So I am going to use a focus point to do a weapon surge and call down the mighty Malani to infuse my spiked bat, the wholly spiked bat, and do additional damage.
And so I will take a swing, roll a Nat 20.
I'm very glad I switched dice.
for a total of 28.
So a lot of things happen here simultaneously
because if you recall,
transglued alchemist fire
to the end of your morning star.
I'm going to do more damage
than I'm going to do for the next five levels of my character,
including to me.
And there's no way I'm giving you critical damage
on the alchemist fire,
but I will give you full damage on it.
Okay.
So go ahead and roll damage.
damage for the weapon. We're going to double that.
Yep. Then we're going to roll a D6
for the alchemist fire plus
the splash. Which
I will take. It's just going to be a lot.
Yeah. So because
I did my weapon search, I get an
extra D6 to the damage.
And so that is a
I rolled a five and a two
plus four is 11 damage.
So 22 damage with the morning
star. And then
the fire, I rolled a five.
So 26.
seven damage to the fly.
So you slam the morning star into this fly, and it hits it square in the middle of its two giant,
you know, they've got those hundred lens eyes.
And these things are big.
They're like the size of beach balls.
And you slam the morning star right in the middle of that.
The alchemist fire shatters and burns its wings to a crisp.
This fly kind of explodes in a ball of cooking icker as fire and bug juice spatters you from head to toe.
You do take one point of fire.
Oh, that's fine.
I turn to Trant and give a big thumbs up.
You are spattered, just from top to bottom.

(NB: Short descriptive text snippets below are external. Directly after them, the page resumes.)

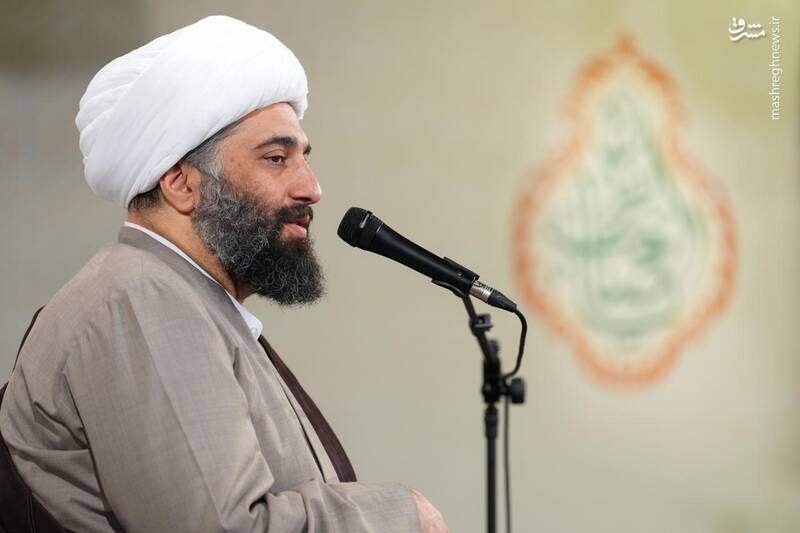 عکس/ شب نیمه شعبان در هیئت رایه‌العباس(ع)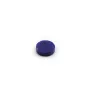 Lapis lazuli cabochon, in round and flat shape, 25mm x 1pc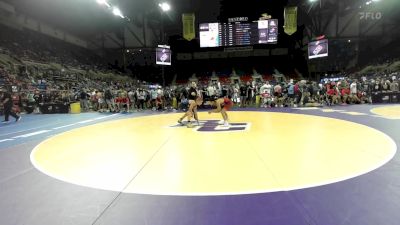 120 lbs Rnd Of 64 - Gavin Lewis, IN vs Caleb Thompson, VA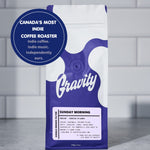 Sunday Morning - Light Roast Single Origin Filter - Gravity Coffee, Canada's Most Indie Coffee Roaster 1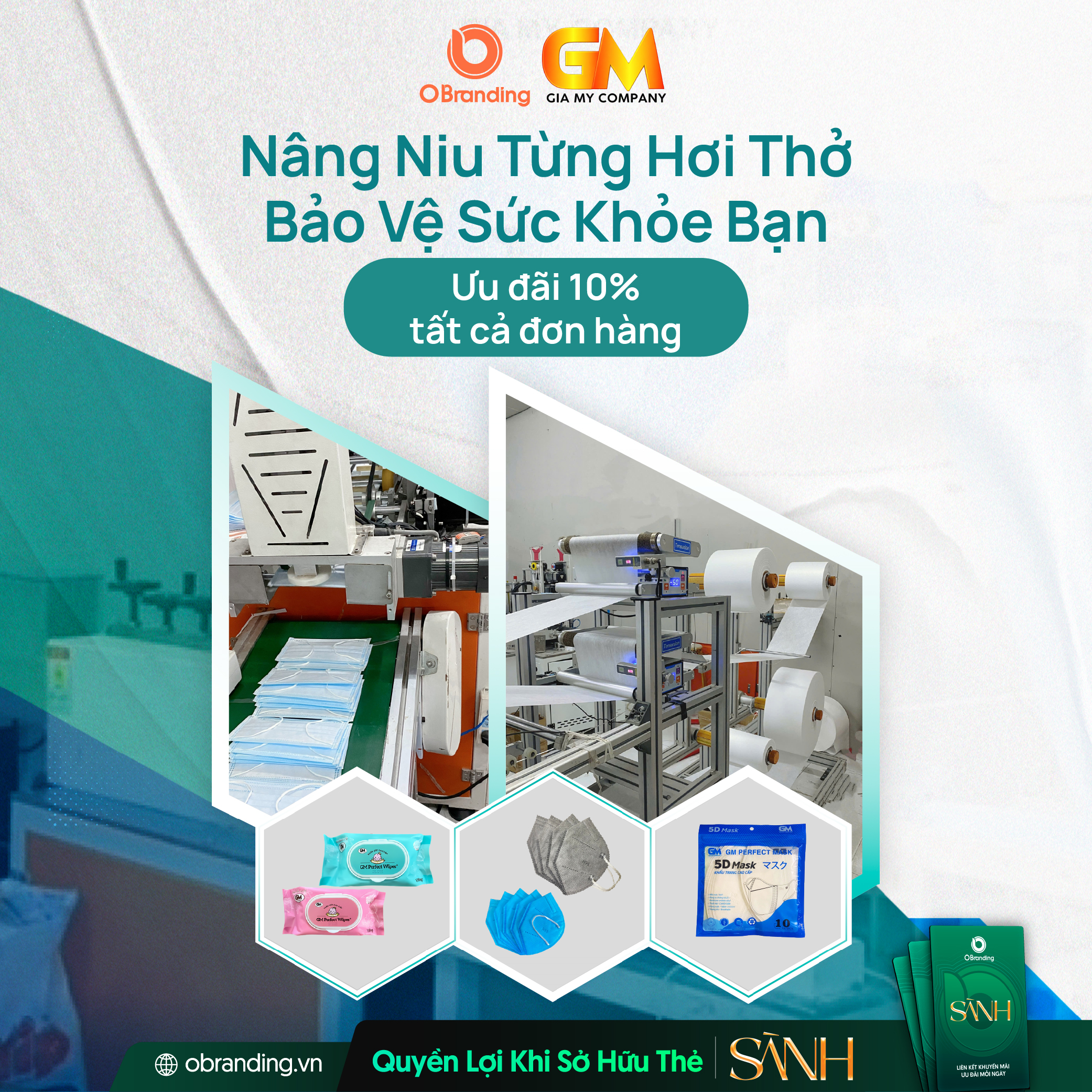 Ưu Đãi Dành Riêng Cho Hội Viên Thẻ Sành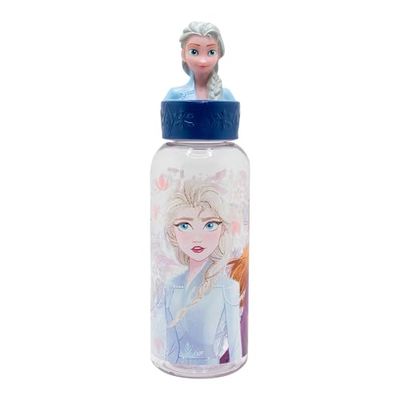 BOUTEILLE RÉUTILISABLE FIGURITA 3D 560 ML | FROZEN SNOWY TALE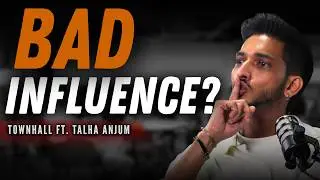 From Abuse to Anger We Asked about EVERYTHING & Talha Anjum Answered (A Must Watch Townhall)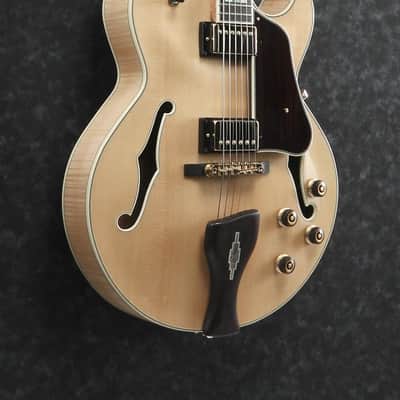Ibanez LGB30-NT George Benson Signature Hollow Body Guitar 6-String - Natural + Case MF100C image 13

Boss, next time I'll put two on there.
Great.
I still have one action left.
Drawing a bomb or a javelin is an action.
Correct.
So you could get something out, but you couldn't use it.
I'm raising my shield.
Okay, you're going to raise your shield.
Yeah.
All right.
So I'm going to go ahead and remove that particular fly from the
map since it is super dead.
Yeah, you are just splattered in
bug juice from top to bottom. I haven't played
a DPS character in a very long time.
It is very satisfying.
That was impressive.
All right, that was Spite's turn.
Mertie.
I would like to heal Squash, which will
automatically take care of those dying
conditions. I'm going to spend
two actions to do this, meaning
the spell has a range of 30 feet.
And I'm targeting Squash
and going to roll D.8.
Do you want me to roll D8 or Squash, do you want to rule your own healing?
Oh, please, I trust you more.
Okay.
That heals for five, so you're back to five at points.
I love it.
So it's plus eight.
So that is a total of 13.
You're still prone.
You'll wait your turn and be laying on the ground with the fly sitting on top of you,
lapping up your blood.
No, my blood!
And then my last action, I'm going to mutter some shit to myself.
that no one else can hear and cast guidance on myself.
And I'll probably say this wasn't supposed to be this way.
I'm supposed to just be doing soup.
So, Trantz, you now get to go again.
Squash now goes after you, not before you, because Squash fell off the functions.
All right.
Squash, try to stay real flat.
And then I'm going to whip out my shotgun and just blast.
All right.
Ooh, that's not great.
That's going to be a total of 13.
Total of 13.
What was your roll?
Because those weapons do misfire.
An 8.
Oh, that's fine.
Okay.
So you roll a 13, which is going to miss.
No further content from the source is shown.